[Task item]: Which lines mention "true"? Show each one from the listing.

=== Section Start ===

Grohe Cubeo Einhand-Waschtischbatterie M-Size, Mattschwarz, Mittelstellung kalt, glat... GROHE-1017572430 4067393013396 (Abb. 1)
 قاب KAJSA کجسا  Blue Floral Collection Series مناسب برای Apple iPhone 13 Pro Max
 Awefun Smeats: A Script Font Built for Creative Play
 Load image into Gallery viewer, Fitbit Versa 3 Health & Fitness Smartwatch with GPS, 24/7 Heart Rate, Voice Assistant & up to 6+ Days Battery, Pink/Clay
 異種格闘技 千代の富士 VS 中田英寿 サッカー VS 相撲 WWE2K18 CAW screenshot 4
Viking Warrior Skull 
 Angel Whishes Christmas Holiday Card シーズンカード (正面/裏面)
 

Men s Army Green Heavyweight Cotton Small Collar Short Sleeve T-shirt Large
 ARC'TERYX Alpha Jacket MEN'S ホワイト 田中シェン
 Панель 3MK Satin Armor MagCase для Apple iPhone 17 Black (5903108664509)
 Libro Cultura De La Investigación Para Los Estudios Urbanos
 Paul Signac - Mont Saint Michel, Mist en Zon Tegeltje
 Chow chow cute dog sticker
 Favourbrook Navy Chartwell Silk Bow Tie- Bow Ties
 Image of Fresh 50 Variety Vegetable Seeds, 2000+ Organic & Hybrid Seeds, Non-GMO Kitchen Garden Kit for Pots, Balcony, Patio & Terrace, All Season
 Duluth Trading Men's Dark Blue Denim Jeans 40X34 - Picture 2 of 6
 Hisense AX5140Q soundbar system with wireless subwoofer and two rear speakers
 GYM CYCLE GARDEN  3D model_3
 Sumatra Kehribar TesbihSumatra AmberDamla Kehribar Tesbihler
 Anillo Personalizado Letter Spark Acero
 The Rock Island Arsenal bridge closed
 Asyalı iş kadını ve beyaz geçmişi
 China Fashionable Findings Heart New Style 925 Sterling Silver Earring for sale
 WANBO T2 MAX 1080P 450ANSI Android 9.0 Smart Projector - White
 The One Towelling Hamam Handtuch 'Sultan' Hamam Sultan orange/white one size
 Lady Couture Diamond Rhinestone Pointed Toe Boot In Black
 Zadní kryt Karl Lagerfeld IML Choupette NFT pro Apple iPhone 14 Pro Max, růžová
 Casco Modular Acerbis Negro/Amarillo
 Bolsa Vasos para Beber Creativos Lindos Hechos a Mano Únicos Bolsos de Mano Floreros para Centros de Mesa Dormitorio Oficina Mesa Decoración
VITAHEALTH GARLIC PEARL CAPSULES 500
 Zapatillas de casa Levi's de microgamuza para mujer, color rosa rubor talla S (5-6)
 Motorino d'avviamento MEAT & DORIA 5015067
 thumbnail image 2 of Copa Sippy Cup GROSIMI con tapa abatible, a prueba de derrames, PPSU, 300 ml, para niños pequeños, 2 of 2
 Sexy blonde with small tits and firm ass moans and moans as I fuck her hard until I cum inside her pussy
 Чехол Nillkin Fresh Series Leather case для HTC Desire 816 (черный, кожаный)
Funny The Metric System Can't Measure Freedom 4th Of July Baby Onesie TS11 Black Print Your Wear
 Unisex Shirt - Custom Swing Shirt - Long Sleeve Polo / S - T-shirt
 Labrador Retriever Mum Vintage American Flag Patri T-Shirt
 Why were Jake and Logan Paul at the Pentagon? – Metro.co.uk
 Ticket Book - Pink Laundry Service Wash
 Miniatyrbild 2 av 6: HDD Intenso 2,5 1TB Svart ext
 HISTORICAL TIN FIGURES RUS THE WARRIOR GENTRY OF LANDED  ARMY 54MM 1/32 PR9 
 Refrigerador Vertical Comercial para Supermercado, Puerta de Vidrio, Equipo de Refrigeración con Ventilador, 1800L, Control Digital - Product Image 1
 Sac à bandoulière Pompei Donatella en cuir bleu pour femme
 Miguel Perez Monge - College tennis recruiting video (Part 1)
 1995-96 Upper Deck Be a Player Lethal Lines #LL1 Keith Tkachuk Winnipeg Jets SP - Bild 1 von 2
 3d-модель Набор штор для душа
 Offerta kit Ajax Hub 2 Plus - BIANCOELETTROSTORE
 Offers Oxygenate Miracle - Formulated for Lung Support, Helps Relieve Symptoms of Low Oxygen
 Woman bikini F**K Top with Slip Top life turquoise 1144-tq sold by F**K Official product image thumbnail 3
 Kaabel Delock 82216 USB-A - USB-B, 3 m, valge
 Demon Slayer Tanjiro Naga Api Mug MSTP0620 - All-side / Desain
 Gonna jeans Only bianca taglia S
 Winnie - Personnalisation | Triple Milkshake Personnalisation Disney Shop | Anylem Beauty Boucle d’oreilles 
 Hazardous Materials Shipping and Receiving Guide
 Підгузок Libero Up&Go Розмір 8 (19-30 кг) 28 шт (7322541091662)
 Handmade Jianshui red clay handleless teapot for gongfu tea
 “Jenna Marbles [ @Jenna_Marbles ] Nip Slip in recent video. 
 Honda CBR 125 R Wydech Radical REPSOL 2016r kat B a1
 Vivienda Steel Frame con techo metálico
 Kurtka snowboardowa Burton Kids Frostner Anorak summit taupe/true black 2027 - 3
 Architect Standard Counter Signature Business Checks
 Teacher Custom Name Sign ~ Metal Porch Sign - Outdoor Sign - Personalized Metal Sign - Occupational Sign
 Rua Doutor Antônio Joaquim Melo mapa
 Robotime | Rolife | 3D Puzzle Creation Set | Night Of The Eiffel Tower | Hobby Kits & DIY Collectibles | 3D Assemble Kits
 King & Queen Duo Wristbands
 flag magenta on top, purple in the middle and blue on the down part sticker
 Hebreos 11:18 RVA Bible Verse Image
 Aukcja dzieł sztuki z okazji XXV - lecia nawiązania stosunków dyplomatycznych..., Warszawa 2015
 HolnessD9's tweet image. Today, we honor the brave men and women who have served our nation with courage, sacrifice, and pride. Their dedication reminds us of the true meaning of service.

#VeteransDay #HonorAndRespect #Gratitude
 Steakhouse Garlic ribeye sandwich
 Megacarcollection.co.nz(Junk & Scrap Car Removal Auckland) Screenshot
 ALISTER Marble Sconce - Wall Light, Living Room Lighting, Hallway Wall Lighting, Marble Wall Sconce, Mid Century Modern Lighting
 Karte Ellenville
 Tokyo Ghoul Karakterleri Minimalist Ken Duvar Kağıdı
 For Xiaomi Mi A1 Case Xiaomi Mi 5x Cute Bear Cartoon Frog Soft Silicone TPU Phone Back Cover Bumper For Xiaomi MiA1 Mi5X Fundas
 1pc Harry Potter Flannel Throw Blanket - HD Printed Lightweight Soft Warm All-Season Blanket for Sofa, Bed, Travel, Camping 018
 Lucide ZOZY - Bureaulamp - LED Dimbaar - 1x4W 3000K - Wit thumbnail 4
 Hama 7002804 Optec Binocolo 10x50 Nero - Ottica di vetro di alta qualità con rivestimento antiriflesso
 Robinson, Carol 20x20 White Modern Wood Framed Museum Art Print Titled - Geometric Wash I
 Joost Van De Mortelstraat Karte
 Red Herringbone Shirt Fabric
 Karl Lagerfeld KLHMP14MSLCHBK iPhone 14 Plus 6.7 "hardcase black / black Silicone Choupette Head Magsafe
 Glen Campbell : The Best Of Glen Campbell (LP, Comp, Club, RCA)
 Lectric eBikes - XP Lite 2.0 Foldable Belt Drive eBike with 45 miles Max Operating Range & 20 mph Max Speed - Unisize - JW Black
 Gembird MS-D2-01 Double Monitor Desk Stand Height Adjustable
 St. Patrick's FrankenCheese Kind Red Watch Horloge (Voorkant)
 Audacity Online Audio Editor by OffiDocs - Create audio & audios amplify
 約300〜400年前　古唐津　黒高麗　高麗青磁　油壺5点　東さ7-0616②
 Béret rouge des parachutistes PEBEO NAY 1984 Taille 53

=== Section End ===

[Worked solution]:
 Kurtka snowboardowa Burton Kids Frostner Anorak summit taupe/true black 2027 - 3
 HolnessD9's tweet image. Today, we honor the brave men and women who have served our nation with courage, sacrifice, and pride. Their dedication reminds us of the true meaning of service.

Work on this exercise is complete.